Segment Start: Listed records

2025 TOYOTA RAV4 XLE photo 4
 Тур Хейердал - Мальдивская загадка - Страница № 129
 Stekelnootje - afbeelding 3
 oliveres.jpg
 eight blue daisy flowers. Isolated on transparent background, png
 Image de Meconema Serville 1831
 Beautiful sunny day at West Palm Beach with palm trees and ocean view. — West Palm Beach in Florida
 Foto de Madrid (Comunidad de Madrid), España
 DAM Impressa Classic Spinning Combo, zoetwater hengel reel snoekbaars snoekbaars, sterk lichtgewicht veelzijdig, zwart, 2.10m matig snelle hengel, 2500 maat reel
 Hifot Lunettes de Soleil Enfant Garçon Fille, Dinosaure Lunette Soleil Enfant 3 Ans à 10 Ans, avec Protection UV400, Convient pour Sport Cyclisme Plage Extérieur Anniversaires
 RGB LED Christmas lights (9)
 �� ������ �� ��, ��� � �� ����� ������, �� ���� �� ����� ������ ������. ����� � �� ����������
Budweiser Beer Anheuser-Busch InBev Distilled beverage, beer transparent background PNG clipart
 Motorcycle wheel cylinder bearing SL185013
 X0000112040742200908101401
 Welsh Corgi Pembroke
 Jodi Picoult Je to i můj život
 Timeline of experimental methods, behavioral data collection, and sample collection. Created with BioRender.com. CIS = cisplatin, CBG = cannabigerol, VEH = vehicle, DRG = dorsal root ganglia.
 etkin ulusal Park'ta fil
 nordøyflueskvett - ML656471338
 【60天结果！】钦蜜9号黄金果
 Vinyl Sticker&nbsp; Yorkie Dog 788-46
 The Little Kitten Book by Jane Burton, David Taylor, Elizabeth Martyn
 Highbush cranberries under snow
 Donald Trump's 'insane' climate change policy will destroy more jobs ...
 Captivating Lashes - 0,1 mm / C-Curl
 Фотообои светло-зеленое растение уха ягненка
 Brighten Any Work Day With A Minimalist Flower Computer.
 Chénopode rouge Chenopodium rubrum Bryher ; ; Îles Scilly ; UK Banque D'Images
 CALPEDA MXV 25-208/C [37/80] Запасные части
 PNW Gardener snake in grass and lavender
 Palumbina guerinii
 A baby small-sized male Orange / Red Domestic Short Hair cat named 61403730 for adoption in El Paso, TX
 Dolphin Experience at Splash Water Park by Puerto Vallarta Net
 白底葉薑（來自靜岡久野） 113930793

Segment End: Listed records

> _Exercise objective_: Set every line down again exactly. Begin with the first line of the entries and finish with the line containing "The Little Kitten".

> _Response area_:
2025 TOYOTA RAV4 XLE photo 4
 Тур Хейердал - Мальдивская загадка - Страница № 129
 Stekelnootje - afbeelding 3
 oliveres.jpg
 eight blue daisy flowers. Isolated on transparent background, png
 Image de Meconema Serville 1831
 Beautiful sunny day at West Palm Beach with palm trees and ocean view. — West Palm Beach in Florida
 Foto de Madrid (Comunidad de Madrid), España
 DAM Impressa Classic Spinning Combo, zoetwater hengel reel snoekbaars snoekbaars, sterk lichtgewicht veelzijdig, zwart, 2.10m matig snelle hengel, 2500 maat reel
 Hifot Lunettes de Soleil Enfant Garçon Fille, Dinosaure Lunette Soleil Enfant 3 Ans à 10 Ans, avec Protection UV400, Convient pour Sport Cyclisme Plage Extérieur Anniversaires
 RGB LED Christmas lights (9)
 �� ������ �� ��, ��� � �� ����� ������, �� ���� �� ����� ������ ������. ����� � �� ����������
Budweiser Beer Anheuser-Busch InBev Distilled beverage, beer transparent background PNG clipart
 Motorcycle wheel cylinder bearing SL185013
 X0000112040742200908101401
 Welsh Corgi Pembroke
 Jodi Picoult Je to i můj život
 Timeline of experimental methods, behavioral data collection, and sample collection. Created with BioRender.com. CIS = cisplatin, CBG = cannabigerol, VEH = vehicle, DRG = dorsal root ganglia.
 etkin ulusal Park'ta fil
 nordøyflueskvett - ML656471338
 【60天结果！】钦蜜9号黄金果
 Vinyl Sticker&nbsp; Yorkie Dog 788-46
 The Little Kitten Book by Jane Burton, David Taylor, Elizabeth Martyn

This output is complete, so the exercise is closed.